Is there an escape sequence for Space char? for space delimted tx

  • Thread starter Thread starter Rich
  • Start date Start date
R

Rich

I need to read a large space delimted text file. I can do this using a
streamReader except it takes twice as long as an OleDBDataAdapter (using the
following delimiters: tabDelimited/comma/| pipe). My problem is in using a
space as the delimiter for reading a space delimited text file using OleDB.
Here are some sample connection strings for a tabDelimited text file or Pipe
Delimited (which both work fine):

string s1 = Application.StartupPath;

connOle.ConnectionString = "Provider=Microsoft.Jet.OLEDB.4.0;Data Source="
+ s1 + ";Extended Properties=\"text;HDR=Yes;FMT=TabDelimited\"";

connOle.ConnectionString = "Provider=Microsoft.Jet.OLEDB.4.0;Data Source="
+ s1 + ";Extended Properties=\"text;HDR=Yes;FMT=Delimited(|)\""

Note: oleDB also requires a schema.ini file to be placed in the same folder
as the text file to be read

save as schema.ini

[fileName.extention]
ColNameHeader=true
CharacterSet=ANSI
Format=Delimited(|)

I have tried variations for space delimiting without success

connOle.ConnectionString = "Provider=Microsoft.Jet.OLEDB.4.0;Data Source="
+ s1 + ";Extended Properties=\"text;HDR=Yes;FMT=Delimited(' ')\""

//here I try a hex sequence which works with console.writeline() but not
with oleDB

connOle.ConnectionString = "Provider=Microsoft.Jet.OLEDB.4.0;Data Source="
+ s1 + ";Extended Properties=\"text;HDR=Yes;FMT=Delimited(\x20)\""
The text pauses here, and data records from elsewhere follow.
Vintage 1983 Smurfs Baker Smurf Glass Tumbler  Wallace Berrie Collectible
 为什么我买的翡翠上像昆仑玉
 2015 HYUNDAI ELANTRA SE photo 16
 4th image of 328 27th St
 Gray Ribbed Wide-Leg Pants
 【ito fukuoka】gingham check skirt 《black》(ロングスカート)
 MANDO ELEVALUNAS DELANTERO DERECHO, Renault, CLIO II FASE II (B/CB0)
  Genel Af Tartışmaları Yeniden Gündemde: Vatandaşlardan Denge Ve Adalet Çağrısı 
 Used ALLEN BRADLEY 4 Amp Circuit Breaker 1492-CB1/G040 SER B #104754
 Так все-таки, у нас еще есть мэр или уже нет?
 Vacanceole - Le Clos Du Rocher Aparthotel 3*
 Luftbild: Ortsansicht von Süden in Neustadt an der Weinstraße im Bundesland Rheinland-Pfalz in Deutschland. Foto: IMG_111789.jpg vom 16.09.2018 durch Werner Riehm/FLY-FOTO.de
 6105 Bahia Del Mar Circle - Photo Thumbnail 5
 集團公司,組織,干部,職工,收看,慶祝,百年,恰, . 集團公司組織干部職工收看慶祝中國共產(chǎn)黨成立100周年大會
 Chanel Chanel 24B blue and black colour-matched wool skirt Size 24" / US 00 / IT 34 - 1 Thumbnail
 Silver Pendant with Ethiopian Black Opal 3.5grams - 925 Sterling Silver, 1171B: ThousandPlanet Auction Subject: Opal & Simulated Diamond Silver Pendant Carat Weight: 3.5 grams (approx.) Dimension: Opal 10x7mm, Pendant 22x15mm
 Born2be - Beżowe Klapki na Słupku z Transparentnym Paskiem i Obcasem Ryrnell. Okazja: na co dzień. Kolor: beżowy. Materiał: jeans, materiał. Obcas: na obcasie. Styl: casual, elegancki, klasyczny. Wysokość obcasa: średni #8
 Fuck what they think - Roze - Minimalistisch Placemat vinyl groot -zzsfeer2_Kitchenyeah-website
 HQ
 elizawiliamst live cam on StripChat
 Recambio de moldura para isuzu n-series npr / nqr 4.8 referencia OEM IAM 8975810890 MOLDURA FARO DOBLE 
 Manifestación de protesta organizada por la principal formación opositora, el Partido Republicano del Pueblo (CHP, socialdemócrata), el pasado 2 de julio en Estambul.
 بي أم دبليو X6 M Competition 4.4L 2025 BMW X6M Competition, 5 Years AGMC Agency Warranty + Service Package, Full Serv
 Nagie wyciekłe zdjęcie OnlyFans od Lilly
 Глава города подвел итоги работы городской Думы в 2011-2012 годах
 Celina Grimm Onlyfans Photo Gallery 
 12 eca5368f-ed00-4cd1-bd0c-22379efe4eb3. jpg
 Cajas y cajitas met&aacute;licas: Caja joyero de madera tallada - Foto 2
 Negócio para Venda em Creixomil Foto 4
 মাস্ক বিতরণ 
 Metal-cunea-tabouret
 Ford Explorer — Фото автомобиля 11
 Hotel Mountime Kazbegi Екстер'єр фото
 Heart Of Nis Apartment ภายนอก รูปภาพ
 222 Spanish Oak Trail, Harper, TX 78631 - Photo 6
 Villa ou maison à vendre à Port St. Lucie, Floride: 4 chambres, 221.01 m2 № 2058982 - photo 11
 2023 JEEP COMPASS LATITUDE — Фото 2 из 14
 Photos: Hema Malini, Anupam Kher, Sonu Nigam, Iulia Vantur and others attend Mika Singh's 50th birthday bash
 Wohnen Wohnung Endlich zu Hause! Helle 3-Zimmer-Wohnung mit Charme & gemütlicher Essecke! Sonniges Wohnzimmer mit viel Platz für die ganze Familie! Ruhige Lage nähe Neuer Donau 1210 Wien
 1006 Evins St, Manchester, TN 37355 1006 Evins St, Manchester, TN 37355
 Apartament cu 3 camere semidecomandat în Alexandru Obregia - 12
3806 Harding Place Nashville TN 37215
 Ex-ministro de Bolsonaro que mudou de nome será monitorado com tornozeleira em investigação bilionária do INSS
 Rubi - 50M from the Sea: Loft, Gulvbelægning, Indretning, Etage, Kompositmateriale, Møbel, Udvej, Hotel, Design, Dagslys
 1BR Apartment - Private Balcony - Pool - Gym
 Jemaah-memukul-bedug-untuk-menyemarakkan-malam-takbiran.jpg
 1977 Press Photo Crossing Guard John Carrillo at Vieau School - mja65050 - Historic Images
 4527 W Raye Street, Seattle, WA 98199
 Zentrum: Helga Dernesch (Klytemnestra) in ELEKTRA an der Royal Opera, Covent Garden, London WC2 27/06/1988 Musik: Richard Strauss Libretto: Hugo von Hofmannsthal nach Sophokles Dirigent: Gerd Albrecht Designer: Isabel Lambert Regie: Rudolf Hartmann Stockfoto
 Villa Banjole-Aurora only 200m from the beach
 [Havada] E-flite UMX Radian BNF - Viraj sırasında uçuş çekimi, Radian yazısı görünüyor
Any suggestions would be greatly appreciated for an escape sequence for a
space delimiter.

Thanks,
Rich
 
Thanks. This does look promising. Any you say this has performance like the
Jet method? How about the delimiter? can I say

parser.ColumnDelimiter = " ".ToCharArray();

for a space delimiter?
 
Rich said:
Thanks. This does look promising. Any you say this has performance like the
Jet method? How about the delimiter? can I say

parser.ColumnDelimiter = " ".ToCharArray();

for a space delimiter?

I can't answer the parser-specific aspect (though, seems like that's
something you could just try), but if you can do the above, wouldn't you
prefer this instead:

parser.ColumnDelimiter = new char[] { ' ' };

?

Why create a whole string instance only to just turn around and then
create a new array based on it, when you can just create the array directly?

Pete
 
Thanks. This does look promising. Any you say this has performance like
the
Jet method?

The performance is spectacular. I've never done any side-by-side
comparisons, but I know this thing is fast.
 
I started experimenting with this sample project. I noticed that stream
reader is being used here, along with a creation of a schema.ini file like
the Jet technique. It looks to me like the Jet technique wraps up all of its
coding to a one liner - where the Jet underlying code is probably simlar to
the code being used in this sample. And I guess the benefit with the code in
this sample is that can be modified where the Jet code can't.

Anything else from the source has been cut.